Kesalahan berikutnya adalah penyederhanaan persoalan. Kini praktif
kewirausahaan sudah direduksi hanya sebatas praktik berjualan. Mata dagangnyapun itu-itu saja.
Gak ada kreasi lainnya, ta? Padahal sungguh banyak mata dagang dan jasa yang
dapat ditawarkan ke calon konsumen. Sungguh banyak cara menjajakan produk,
tidak sekadar mengangkat nampan berisi kue basah.
Ada demo marketing, ada jualan dengan cara presentasi, pemasaran
dengan memanfaatkan jejaring, hingga dengan cara online. Ada banyak mata dagang yang bisa bikin siswa bangga. Umpamanya
siswa SMA diajak membikin robot sederhana lalu menawarkannya ke sekolah lain sambil
mengajarkan cara membuatnya. Tentu mereka antusias dan tidak enggan
melakukannya.
Cara lainnya adalah dengan menggelar semacam bazaar atau
pesta wira usaha, seperti yang dilakukan beberapa bulan yang lalu oleh
mahasiswa ekonomi Universitas Muhammadiyah Sidoarjo dan LP3I, di parkir timur
GOR. Mereka memajang aneka dagangan hasil kreasi sendiri, demo masak,
menyajikan game dan kuis. Suasana bisnis terbangun kondusif. Calon pembeli terpancing lalu ramai-ramai
berdatangan. Dan -ini poinnya- siswa/mahasiswa
yang tengah praktik wirausaha berpacu mengejar omzet, sibuk hilir mudik, tak
tebersit sedikitpun rasa malu di wajah mereka.

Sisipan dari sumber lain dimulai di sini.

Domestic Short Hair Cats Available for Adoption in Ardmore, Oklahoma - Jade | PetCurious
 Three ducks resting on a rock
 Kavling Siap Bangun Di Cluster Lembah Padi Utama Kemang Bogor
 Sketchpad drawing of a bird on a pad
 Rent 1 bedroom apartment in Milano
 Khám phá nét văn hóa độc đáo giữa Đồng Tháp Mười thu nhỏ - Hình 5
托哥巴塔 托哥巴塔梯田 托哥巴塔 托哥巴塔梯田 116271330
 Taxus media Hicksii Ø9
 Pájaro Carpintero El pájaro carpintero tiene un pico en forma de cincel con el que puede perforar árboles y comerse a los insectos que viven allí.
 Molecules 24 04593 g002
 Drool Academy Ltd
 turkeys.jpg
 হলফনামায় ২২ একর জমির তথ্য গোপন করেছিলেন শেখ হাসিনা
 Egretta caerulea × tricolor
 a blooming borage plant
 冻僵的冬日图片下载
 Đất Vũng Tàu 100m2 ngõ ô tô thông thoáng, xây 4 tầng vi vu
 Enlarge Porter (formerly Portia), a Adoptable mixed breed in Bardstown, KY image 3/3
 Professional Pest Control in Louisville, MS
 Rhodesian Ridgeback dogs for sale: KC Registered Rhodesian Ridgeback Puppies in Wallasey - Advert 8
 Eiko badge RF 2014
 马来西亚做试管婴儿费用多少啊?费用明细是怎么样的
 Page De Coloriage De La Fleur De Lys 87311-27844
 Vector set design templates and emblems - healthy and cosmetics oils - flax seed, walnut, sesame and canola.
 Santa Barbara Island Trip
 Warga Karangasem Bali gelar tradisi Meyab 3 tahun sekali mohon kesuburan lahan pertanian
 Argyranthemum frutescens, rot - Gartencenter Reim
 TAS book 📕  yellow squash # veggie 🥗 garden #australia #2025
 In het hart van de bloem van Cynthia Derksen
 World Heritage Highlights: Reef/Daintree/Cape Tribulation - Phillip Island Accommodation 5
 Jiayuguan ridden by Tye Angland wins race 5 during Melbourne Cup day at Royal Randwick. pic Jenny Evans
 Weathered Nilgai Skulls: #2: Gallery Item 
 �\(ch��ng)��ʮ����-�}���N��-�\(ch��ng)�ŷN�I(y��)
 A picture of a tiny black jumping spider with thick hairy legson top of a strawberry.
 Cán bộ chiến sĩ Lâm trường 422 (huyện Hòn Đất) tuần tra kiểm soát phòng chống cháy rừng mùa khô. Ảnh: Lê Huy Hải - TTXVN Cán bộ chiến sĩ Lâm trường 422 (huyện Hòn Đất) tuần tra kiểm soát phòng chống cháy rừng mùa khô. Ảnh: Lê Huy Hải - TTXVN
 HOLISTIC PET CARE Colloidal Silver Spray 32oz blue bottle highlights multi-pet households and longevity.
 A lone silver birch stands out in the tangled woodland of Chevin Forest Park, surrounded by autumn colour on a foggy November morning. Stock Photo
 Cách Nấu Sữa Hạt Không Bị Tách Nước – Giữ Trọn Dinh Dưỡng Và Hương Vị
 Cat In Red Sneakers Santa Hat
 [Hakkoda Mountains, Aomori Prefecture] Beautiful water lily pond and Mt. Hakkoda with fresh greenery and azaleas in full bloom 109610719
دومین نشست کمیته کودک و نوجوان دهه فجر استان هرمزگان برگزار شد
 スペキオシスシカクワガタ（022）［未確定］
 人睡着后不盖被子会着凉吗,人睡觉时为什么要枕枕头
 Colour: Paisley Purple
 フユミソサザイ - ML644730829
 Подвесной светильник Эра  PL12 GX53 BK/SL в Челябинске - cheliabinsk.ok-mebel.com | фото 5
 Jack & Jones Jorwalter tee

Pembentukan mental harus dilakukan jauh sebelum siswa terjun
ke lapangan. Kita bisa belajar kepada Universitas Ciputra yang sedari awal
memang berkomitmen menciptakan entrepreneur
andal. Saat praktik lapangan, terlihat sekali para mahasiswanya itu bangga
dengan profesi yang akan digeluti nantinya.
Kini yang perlu dikembangkan bukan hanya entrepreneur tetapi juga creativepreneur, bahkan socialpreneur. Saatnya mengembangkan
bisnis berbasis kreativitas. Dulu tidak terpikir ada bisnis menyewakan mainan
anak-anak atau menyewakan lukisan untuk di pasang di ruang tamu perusahaan
besar.
Negeri ini sedang butuh banyak orang mandiri yang mampu menciptakan
lapangan kerja dan dapat memberdayakan orang-orang di sekitarnya. Wirausaha
adalah jawabannya. Demikianlah catatan wedang kopi senin pagi ini. Bagaimana
pendapat sampeyan?
Adriono, penulis
adalah pemerhati masalah sosial budaya.